As well as the flowing football, Rodgers’ players perform with a strong work ethic, the type instilled in him by his late father, who had him painting and decorating at a young age. “My father would work from dawn to dusk to ensure his young family had everything and I think you can see his philosophies in my team,’’ Rodgers said during his time at Swansea.
He sees the club as a family with everyone standing together. The team spirit engendered by Rodgers was demonstrated when Suárez squared the ball for Raheem Sterling to score against Cardiff City and the youngster immediately running to thank him.
Still those early maxims of Rodgers need revisiting. Bemusement followed his pronouncement that “the problem with being a manager is it’s like trying to build an aircraft while it’s flying’’. Now that Rodgers’ ideas are becoming reality on the pitch such statements will soon be staples in coach-education departments.
Rodgers is different. He is no Big Sam. He quotes Latin proverbs to his players. Addressing the media, Rodger is one of the most tactile managers I have met. He has always been quotable but now people appreciate the content properly. Discussing how he likes to train players, Rodgers once said: “You train dogs. I like to educate players.” Cue some hilarity. But he does educate players. Ask Henderson.

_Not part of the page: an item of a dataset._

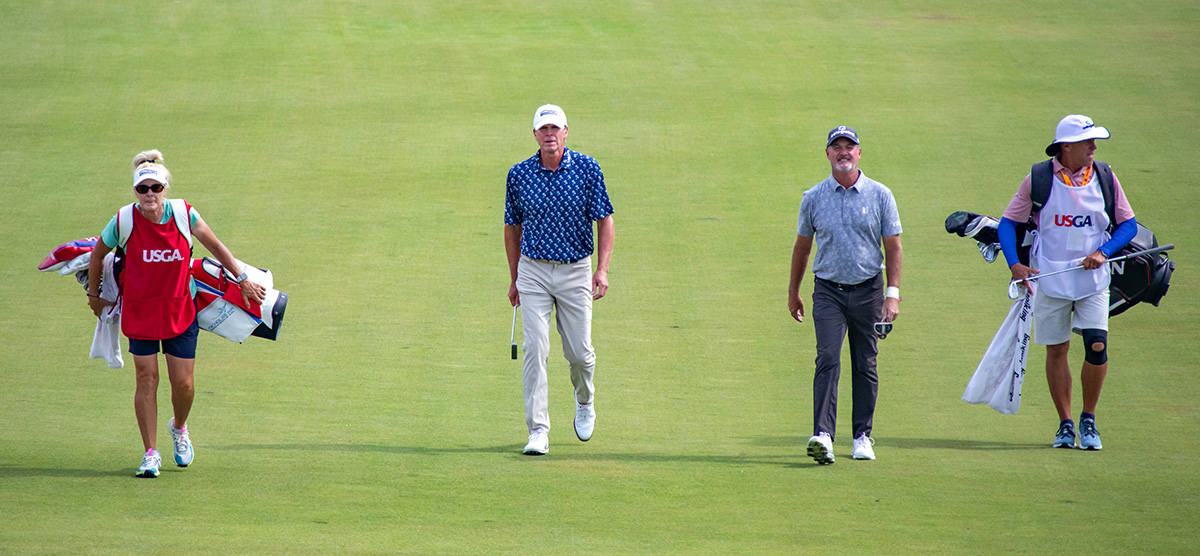 Steve Stricker and Jerry Kelly walking the SentryWorld course with their caddies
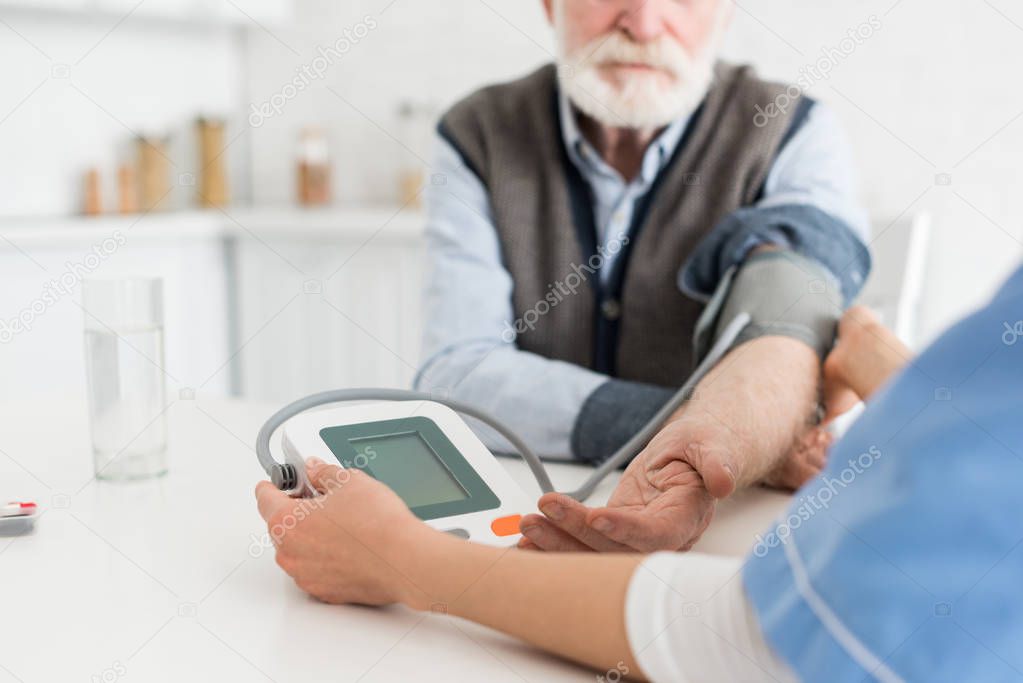 Cropped view of senior man and nurse measuring blood pressure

When Rodgers arrived at Melwood last year, the new manager sat down with the struggling midfielder. “We had conversations on what I needed to do to improve my game,’’ recalls Henderson. They also talked about whether the player should try a new start at Fulham. “I don’t want to go,’’ Henderson told Rodgers. “I want to fight for my place.’’ Impressed, Rodgers replied that if Henderson listened, learnt and improved, he would give him a chance. “He helped me to do better, always talking to me,’’ adds Henderson, now an integral part of the team.